Records from a collection
#####

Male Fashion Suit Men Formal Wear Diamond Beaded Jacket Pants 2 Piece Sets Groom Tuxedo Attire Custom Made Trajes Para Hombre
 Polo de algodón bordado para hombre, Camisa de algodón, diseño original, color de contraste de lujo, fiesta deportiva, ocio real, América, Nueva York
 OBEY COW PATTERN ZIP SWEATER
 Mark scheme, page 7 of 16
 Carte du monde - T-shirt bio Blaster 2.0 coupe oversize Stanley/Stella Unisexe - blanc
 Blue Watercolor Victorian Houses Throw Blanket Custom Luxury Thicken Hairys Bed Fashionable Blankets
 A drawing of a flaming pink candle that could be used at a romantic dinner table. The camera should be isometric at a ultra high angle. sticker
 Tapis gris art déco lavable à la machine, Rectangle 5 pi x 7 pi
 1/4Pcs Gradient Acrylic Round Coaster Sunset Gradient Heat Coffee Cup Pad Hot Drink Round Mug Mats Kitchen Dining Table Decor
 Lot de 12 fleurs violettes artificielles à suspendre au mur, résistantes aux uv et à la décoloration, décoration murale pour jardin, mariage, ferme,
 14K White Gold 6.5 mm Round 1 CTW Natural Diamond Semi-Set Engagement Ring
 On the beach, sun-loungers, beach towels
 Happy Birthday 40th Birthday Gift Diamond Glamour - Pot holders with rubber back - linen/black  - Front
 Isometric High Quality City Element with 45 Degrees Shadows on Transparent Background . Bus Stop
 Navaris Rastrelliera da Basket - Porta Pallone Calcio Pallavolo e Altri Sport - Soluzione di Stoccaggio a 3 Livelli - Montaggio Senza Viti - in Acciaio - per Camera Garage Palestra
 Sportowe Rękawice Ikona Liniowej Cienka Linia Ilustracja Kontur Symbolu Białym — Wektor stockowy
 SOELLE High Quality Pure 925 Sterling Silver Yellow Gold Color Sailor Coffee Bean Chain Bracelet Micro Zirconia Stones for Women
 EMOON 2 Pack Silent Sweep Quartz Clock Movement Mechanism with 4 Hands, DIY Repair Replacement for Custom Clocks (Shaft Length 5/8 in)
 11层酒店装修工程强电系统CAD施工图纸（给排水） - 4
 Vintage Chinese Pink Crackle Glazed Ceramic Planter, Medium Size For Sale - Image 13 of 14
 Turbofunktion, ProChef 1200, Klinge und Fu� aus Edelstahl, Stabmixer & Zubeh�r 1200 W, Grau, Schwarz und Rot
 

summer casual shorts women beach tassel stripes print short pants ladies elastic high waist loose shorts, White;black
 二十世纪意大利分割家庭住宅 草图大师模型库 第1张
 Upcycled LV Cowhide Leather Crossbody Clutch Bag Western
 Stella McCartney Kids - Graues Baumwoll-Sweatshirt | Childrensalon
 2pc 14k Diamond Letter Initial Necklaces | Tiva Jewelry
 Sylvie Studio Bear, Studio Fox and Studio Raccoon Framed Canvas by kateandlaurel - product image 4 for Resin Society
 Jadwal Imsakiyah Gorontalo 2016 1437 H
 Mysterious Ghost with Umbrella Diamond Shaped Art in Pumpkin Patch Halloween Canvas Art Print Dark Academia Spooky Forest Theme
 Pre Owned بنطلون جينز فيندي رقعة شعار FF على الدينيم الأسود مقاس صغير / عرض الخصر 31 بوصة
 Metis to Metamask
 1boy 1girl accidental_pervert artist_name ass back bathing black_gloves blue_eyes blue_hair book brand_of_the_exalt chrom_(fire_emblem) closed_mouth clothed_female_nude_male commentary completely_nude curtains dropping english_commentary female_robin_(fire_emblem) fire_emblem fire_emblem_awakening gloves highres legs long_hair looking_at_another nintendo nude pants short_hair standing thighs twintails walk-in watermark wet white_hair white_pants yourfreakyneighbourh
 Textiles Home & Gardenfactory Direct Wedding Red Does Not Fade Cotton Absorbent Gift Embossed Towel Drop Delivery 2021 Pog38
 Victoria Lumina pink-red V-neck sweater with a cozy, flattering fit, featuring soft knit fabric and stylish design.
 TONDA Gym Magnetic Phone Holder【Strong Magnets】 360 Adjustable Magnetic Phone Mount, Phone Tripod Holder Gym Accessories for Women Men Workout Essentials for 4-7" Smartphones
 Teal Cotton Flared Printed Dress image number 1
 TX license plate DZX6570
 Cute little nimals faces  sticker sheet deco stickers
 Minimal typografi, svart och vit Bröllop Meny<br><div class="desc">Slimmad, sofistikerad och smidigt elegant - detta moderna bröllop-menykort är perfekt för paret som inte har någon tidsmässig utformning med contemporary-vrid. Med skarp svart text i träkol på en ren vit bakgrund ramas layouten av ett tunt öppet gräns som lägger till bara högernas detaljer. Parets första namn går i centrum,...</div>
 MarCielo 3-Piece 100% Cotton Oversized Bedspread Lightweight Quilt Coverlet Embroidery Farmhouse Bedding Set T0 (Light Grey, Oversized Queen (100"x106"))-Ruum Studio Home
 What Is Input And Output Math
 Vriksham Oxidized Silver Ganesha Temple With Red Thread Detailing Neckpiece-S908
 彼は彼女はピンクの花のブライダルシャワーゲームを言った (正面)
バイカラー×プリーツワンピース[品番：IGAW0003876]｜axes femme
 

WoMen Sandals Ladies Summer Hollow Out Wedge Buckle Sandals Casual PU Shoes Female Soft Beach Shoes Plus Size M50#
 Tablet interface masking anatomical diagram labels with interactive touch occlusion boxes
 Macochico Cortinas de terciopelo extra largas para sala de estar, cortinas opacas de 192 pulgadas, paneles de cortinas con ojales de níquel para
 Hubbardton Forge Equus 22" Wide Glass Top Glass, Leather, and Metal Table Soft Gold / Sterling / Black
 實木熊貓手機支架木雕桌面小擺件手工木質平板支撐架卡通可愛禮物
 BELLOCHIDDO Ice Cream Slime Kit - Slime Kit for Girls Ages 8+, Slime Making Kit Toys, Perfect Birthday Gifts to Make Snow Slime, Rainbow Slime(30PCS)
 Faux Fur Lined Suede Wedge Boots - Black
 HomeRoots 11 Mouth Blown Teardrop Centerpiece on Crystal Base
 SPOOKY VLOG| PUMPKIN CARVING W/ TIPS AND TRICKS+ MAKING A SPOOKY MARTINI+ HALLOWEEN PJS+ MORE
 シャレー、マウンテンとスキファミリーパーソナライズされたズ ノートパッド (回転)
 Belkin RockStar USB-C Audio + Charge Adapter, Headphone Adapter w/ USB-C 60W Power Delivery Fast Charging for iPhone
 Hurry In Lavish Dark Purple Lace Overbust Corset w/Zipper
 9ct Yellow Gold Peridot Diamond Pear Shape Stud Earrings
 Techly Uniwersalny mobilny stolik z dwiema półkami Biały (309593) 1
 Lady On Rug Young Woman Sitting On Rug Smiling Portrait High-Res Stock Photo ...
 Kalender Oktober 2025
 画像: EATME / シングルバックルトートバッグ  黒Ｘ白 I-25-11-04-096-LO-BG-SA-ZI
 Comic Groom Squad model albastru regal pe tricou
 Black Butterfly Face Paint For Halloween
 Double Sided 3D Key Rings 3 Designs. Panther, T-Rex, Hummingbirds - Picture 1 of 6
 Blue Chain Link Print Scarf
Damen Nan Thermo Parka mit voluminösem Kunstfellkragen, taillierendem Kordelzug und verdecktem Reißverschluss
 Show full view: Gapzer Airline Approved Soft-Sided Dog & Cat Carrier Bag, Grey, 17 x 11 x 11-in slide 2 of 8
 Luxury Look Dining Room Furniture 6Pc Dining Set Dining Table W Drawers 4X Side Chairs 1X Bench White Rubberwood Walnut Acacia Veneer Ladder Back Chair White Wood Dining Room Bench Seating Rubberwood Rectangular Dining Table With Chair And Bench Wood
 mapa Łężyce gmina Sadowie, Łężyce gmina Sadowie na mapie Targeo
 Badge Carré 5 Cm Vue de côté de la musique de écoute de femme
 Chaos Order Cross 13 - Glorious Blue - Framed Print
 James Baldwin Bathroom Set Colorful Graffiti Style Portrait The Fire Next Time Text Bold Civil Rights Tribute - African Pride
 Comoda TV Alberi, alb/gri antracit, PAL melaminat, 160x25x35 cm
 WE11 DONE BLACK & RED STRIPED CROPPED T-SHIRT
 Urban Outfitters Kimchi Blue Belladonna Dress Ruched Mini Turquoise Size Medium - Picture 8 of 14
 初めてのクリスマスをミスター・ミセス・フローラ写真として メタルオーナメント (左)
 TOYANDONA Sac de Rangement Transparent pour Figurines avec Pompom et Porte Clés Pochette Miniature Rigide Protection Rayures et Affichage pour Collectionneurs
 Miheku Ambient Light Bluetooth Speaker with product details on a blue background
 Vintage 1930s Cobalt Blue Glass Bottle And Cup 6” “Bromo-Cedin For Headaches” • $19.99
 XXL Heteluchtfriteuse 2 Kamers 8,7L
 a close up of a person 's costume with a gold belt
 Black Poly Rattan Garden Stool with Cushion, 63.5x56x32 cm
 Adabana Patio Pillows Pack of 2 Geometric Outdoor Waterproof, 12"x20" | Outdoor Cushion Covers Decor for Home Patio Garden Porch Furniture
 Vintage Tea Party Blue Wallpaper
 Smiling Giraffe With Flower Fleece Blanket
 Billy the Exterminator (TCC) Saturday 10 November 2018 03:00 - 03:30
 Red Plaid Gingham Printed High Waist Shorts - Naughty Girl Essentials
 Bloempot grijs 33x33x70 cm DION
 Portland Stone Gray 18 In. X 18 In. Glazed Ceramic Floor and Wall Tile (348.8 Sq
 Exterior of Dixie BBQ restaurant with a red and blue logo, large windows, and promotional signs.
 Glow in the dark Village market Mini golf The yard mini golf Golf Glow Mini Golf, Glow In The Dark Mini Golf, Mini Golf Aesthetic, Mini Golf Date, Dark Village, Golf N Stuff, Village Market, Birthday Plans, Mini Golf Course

#####

EXERCISE AIM: Copy exactly the line containing "Portland Stone Gray" and each line after it through the end of the records above.

EXERCISE OUTPUT:
 Portland Stone Gray 18 In. X 18 In. Glazed Ceramic Floor and Wall Tile (348.8 Sq
 Exterior of Dixie BBQ restaurant with a red and blue logo, large windows, and promotional signs.
 Glow in the dark Village market Mini golf The yard mini golf Golf Glow Mini Golf, Glow In The Dark Mini Golf, Mini Golf Aesthetic, Mini Golf Date, Dark Village, Golf N Stuff, Village Market, Birthday Plans, Mini Golf Course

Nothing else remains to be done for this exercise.